チェン:グループサウンズ(GS)の多くが、プロダクションがヒットさせたい、わかりやすい音楽をやっていたのですが、僕たちがプログレッシブ・ロックみたいなのをやっていたので、GSを聴きに来た人は何やってんだろうと思っていたでしょうね。でも、ユーミンはそこに興味を持った。
山内:フィンガーズが練習場所にしていたギターの成毛滋さんの麻布のお宅にも、ユーミンはよく行っていたそうですね。
チェン:フィンガーズも初めはアイビーリーグのようなスタイルをしていたのですが、ビートルズが出て、プログレッシブ・ロックが来て、滋と僕は1969年にアメリカで行われたロックフェスのウッドストック・フェスティバルに行ったら、ロングヘアになってしまった(笑)。ビートルズに影響され、音楽、思想、生きること、死ぬことなどを考え、学生運動が盛んな時代でした。同時に音楽が人生の指針となっていた時代でしたね。

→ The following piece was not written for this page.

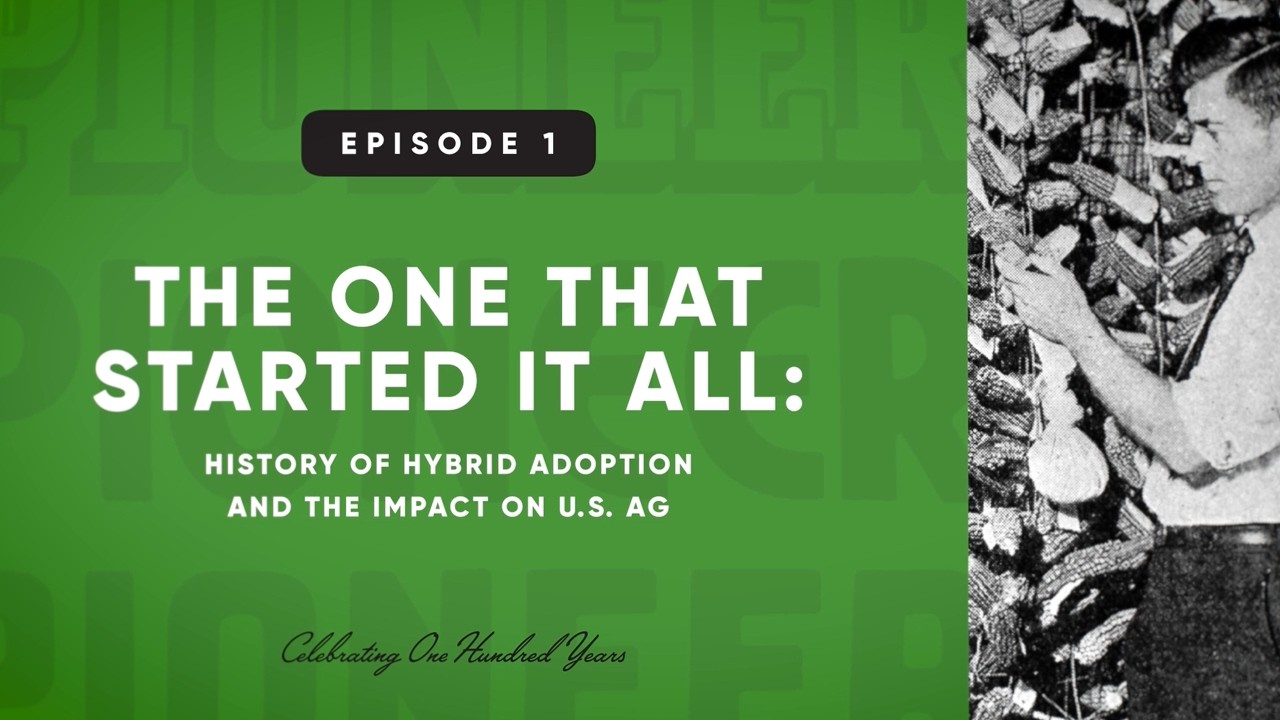The One That Started It All: History of Hybrid Adoption and the Impact on U.S. Ag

僕もユーミンも大好きなプロコル・ハルムの「青い影」という音楽があるのですが、状況描写がかっこよかった。難解な内容でよく調べたら、カンタベリー物語の粉挽きの主人が奥さんを寝取られて、彼女の顔が青白くなっていくという内容。ユーミンはそういう、音楽の奥深くを解こうとし、プロコル・ハルムの情景描写の方法をインプットしていった。ユーミンが他のアーティストと違うところは、音楽に情景描写を取り入れ、時代感や時の流れなど、エモーショナルな部分も表現している。そういう才能を感じますね。

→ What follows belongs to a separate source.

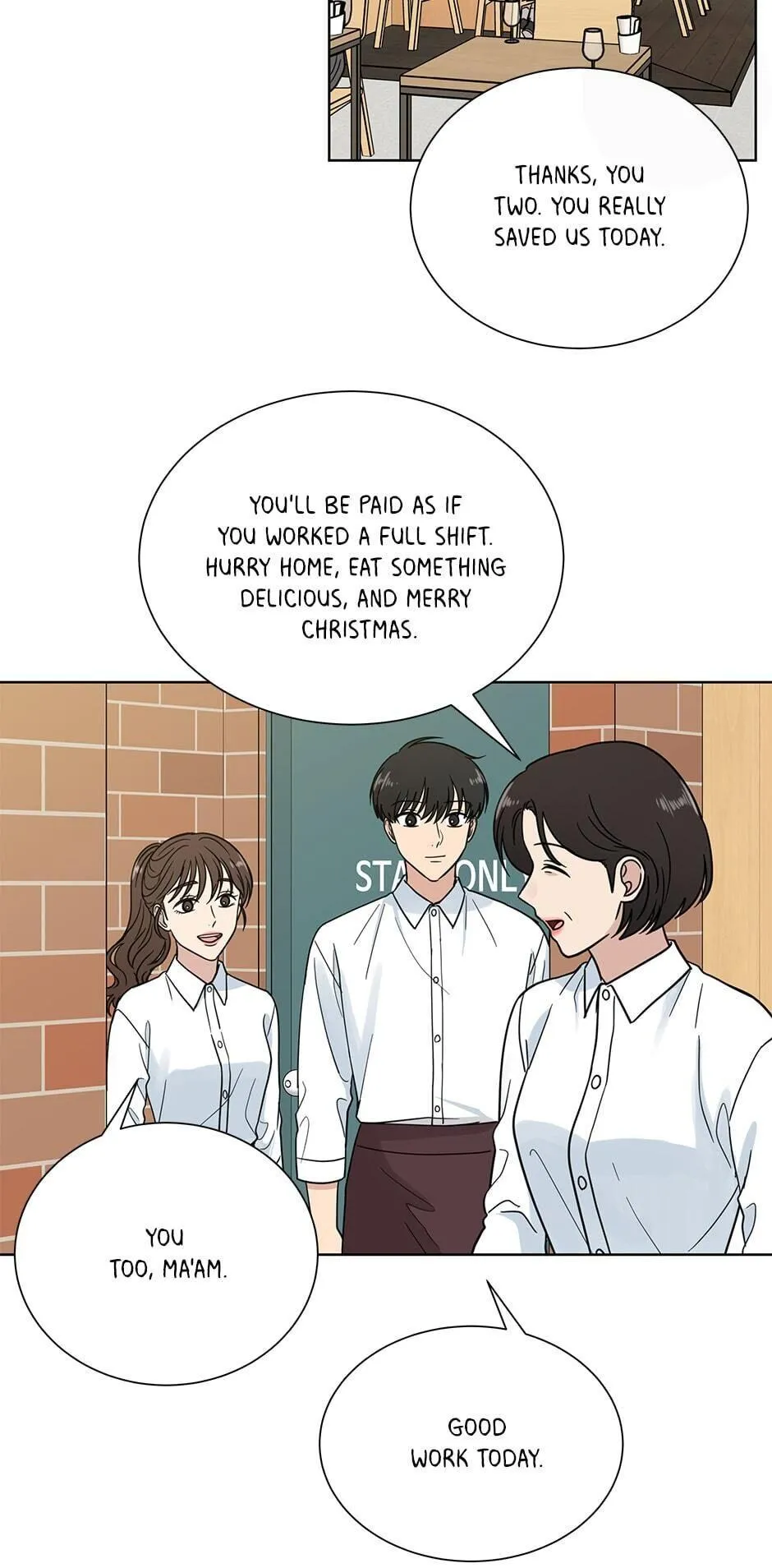 The Only Love I Know Chapter 88 - page 35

山内:みなさんで歌詞の解釈のことをよくお話しされたそうですね。
チェン:当時ユーミンがベンチマークしていたのはキャロル・キングでした。ピアノを弾きながら歌うシンガー・ソングライターとして大成功していた人です。
山内:キャロル・キングの成功があったから、作曲家志望だったユーミンも歌うことになったのですかね。
チェン:ユーミンは自分らしさを表現したいという気持ちが強かった。当時、彼女らしさが表現された曲が入ったカセットをもらったんです。それがすごく新鮮で。作曲家の才能を感じ、象ちゃん(音楽プロデューサーの川添象郎[しょうろう]さん)に言ってアルファレコード(創立者)の村井(邦彦)さんにテープを渡したのが、ユーミンがデビューするきっかけになった。